EXERCISE DIRECTIONS: All records below must be reproduced exactly, although any pictures they contain are to be omitted.

(Dataset entries)
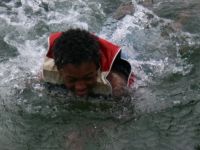 IMG 0044  5 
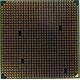 Процессор AMD Opteron 275 OST275FAA6CB socket 940 (Измайлово)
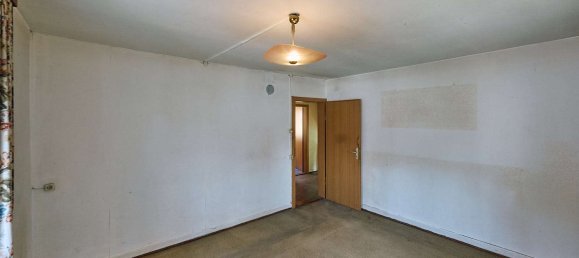 6 rooms House in Rottweil, Germany No. 11904 7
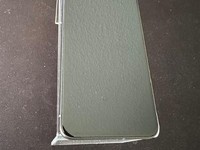 Google Pixel 8
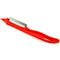 ANTI-SLIP Peeler Potato Vegetable Fruit Food Slicer HOT Kitchen Tool Cutter A7N4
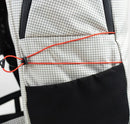 Kynetick Backpack 25L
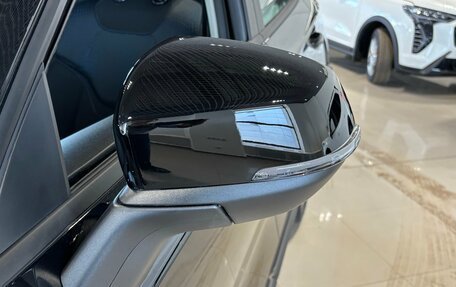 Haval Jolion, 2026 год, 2 599 000 рублей, 9 фотография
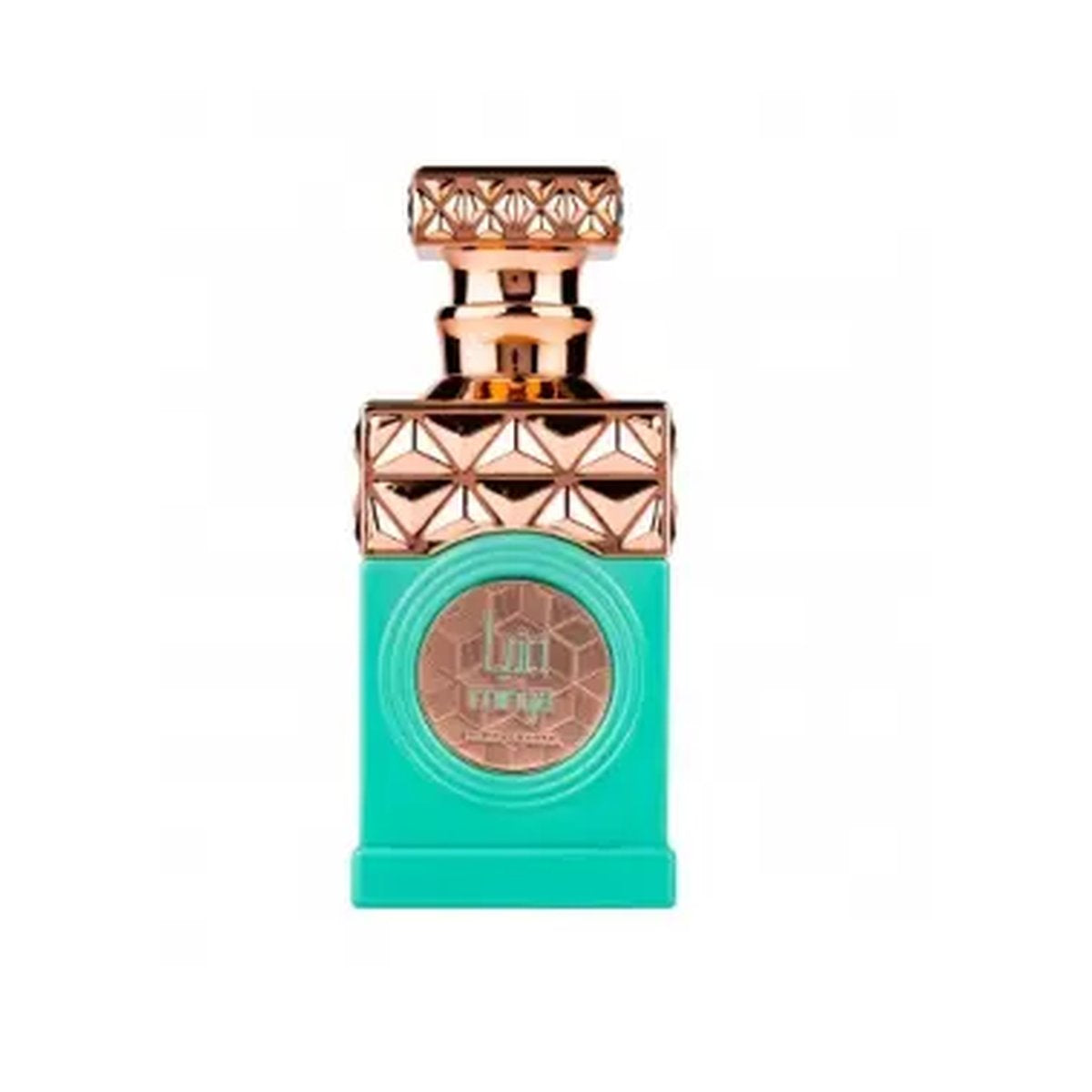 MINYA 100ML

COMPLETED EXERCISE:
 IMG 0044  5 
 Процессор AMD Opteron 275 OST275FAA6CB socket 940 (Измайлово)
 6 rooms House in Rottweil, Germany No. 11904 7
 Google Pixel 8
 ANTI-SLIP Peeler Potato Vegetable Fruit Food Slicer HOT Kitchen Tool Cutter A7N4
 Kynetick Backpack 25L
 Haval Jolion, 2026 год, 2 599 000 рублей, 9 фотография
 MINYA 100ML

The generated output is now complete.